7

I need to get a string checksum or hash (or something equivalent) using just the C preprocessor, if possible.

The use case is as follows: I'm doing error logging on an embedded device with very limited memory and cpu. I would like to define a LogError() macro which inserts hash(__FILE__) and __LINE__ in a circular buffer (as 16bit numbers). But hash(__FILE__) needs to be compiled to a constant; if the actual filenames are stored as strings in the program that would use too much memory. The hash can be calculated using any method.

It is possible to #define FILE_ID with some unique number at the top of every file, and use that when logging, but that is not the preferred solution, it has a bit of a maintenance cost. Is there a better method?

10
  • 2
    In C, expressions like "foo.c"[0]+9*"foo.c"[1] are not constant expressions, but when used in code, may still actually compile to constants. Commented Feb 22, 2015 at 5:08
  • What if two files have the same hash? Commented Feb 22, 2015 at 5:12
  • @immibis: I guess I'd have to take my chances; there aren't anywhere near 62k files. Less worried about that than about someone accidentally defining FILE_ID to the same number in several files, if using the manual method... I would probably write a python script to update the IDs in that case. Commented Feb 22, 2015 at 5:15
  • 3
    This is not possible. Your compiler may or may not fold your hash function invocation into a constant; I would rather bet on it not being able to do so. The solution with FILE_ID is actually very low maintenance if you use something like -DFILE_ID=$$(myhashpgm $<) in your makefile. Commented Feb 22, 2015 at 5:39
  • 2
    This question is quite awkward since using the pre-processor to hash a string is useful in some cases - but almost certainly NOT a good solution for this use-case.
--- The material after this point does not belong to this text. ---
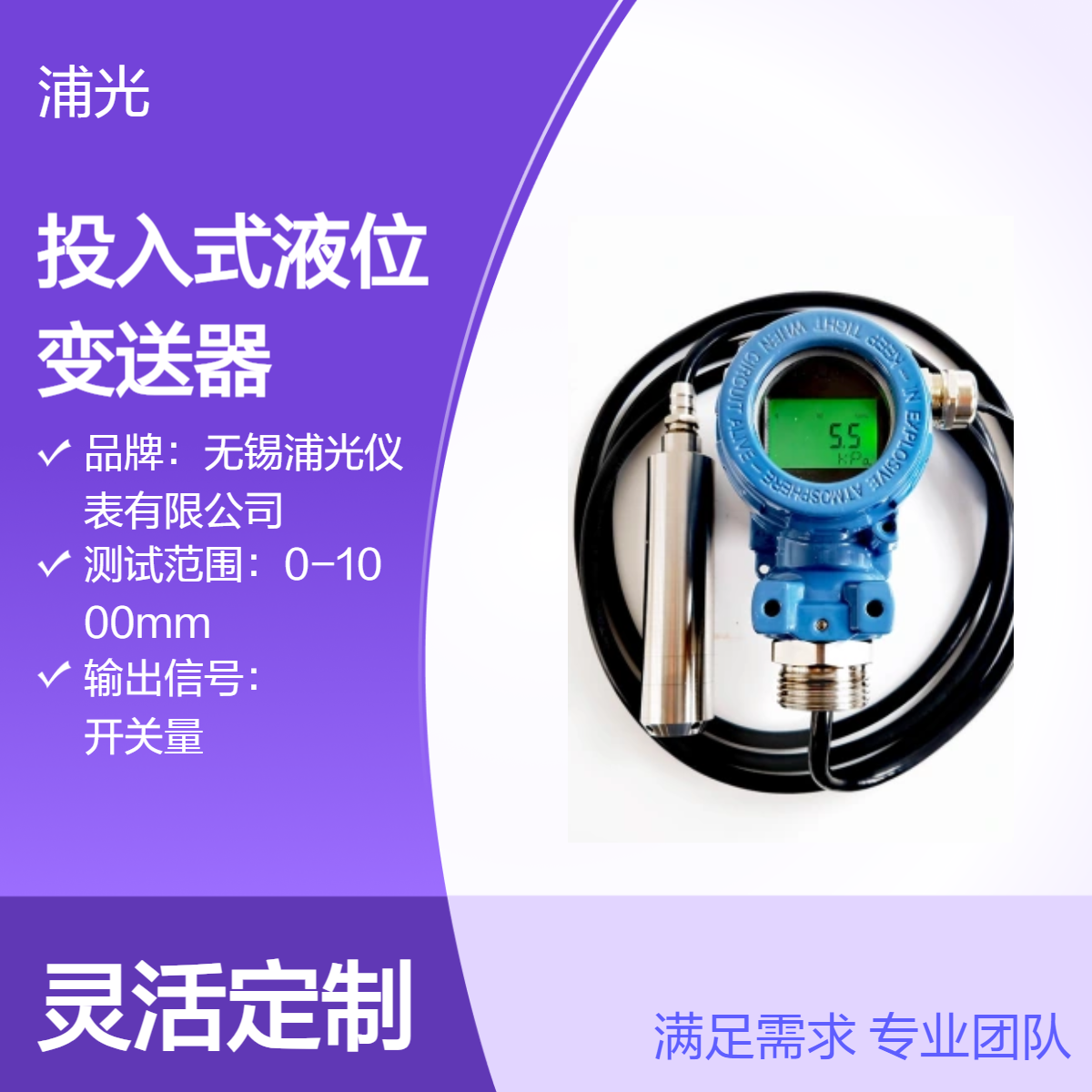 浦光 投入式液位传感器探头 4-20mA输出 静压水位计控制消防水位箱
I added own answer, but wonder if your detailed use-case should be a separate question on calculating logging ID's for primitive architectures. Commented Oct 4, 2017 at 10:41

3 Answers 3

7

The question "How to calculate the hash of a string literal using only the C preprocessor?" is valid, however I think you're adding a red-herring by including details about __FILE__ and logging ID's.
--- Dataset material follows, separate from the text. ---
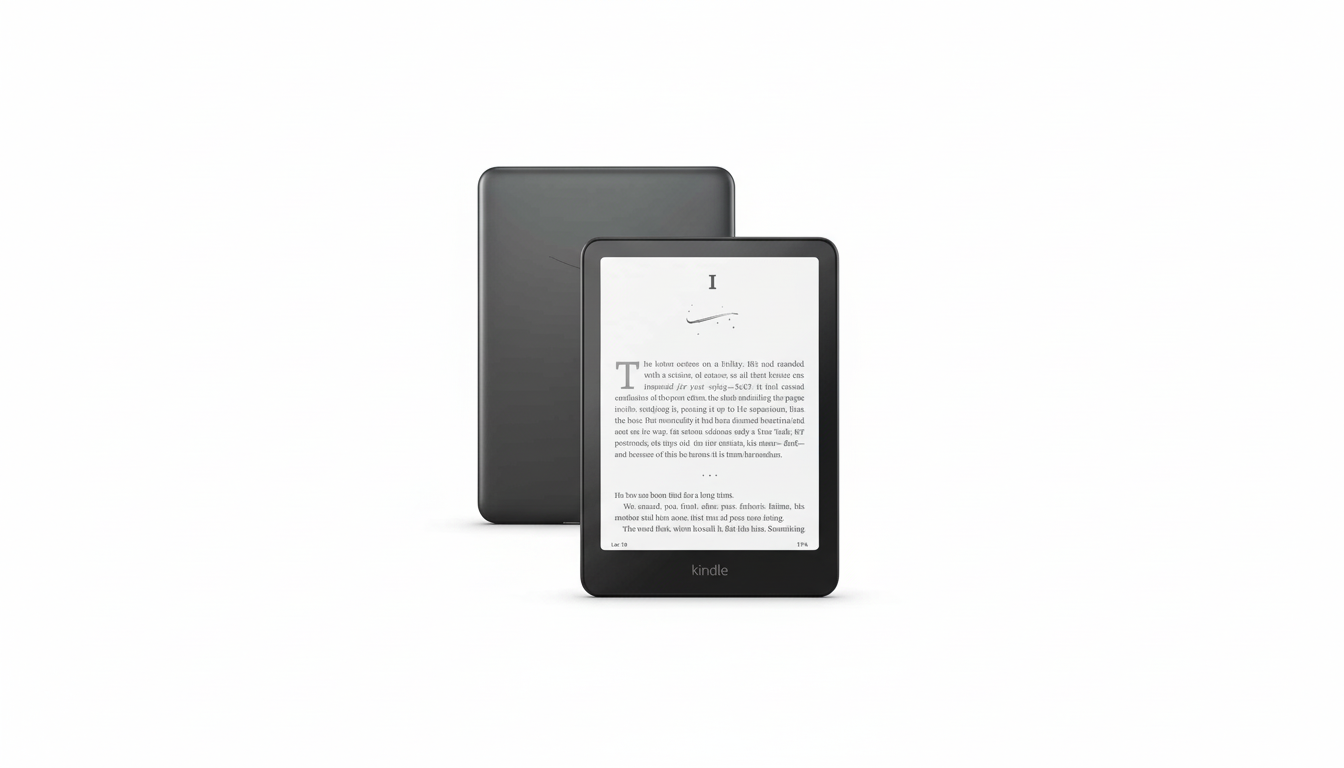 Two Amazon Kindle e -readers, one in the foreground showing a page of text and the other in the background , on a white surface .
This means anyone answering needs to solve the problem you describe, or answer the question on hashing a string with the pre-processor (which may not be a good solution in your particular case!).

As it happens, __FILE__ expands to variable, not a literal string (GCC at least), so you will need to define the filename as a constant. You could use the build system to pass along a define for each for example.

As others have pointed out you can calculate the hash and pass this in via the build-system, although this avoids the question about hashing a sting literal.


Whatever the case, this question comes up when I searched for using the pre-processor for hashing, and none of the answers cover this, so heres is an answer that covers the string hashing part.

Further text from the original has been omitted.